We believe it preferable to utilize a rule of reasonable characterization of the transaction as a whole.
We approve and adopt the rationale expressed in DeFilippo. We think it is equally inappropriate to segregate goods from non-goods and apply the measure of damages of the U.C.C. and its mandatory pre-requisites provided in T.C.A. § 47-2-706 to goods, as the seller’s remedy for that portion of the contract, and apply a different measure of damages to non-goods. We think the majority of sales that involve a going business, consisting of both goods and non-goods, would present difficult and in some instances insurmountable problems of proof in segregating assets and determining their respective values at the time of the original contract and at the time of resale, in order to apply two different measures of damages.
As we indicated heretofore, the non-goods portion of this transaction was clearly the predominant factor and therefore the U.C.C. has no application.

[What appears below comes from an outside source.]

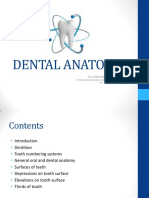 Dental Anatomy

The result is that the judgment of the Court of Appeals is reversed and the judgment of the trial court is affirmed. The cause is remanded to the trial court for the entry of an appropriate decree and the enforcement thereof. Costs are adjudged against defendant.
COOPER, BROCK, HARBISON and DROWOTA, JJ., concur.

. "Goods” are defined in T.C.A. § 47-2-105(1) as follows: “Goods" means all things (including specially manufactured goods) which are movable at the time of identification to the contract for sale other than the money in which the price is to be paid, investment securities (chapter 8 of this title) and things in action. “Goods" also includes the unborn young of animals and growing crops and other identified things attached to realty as described in the section on goods to be severed from realty (§ 47-2-107).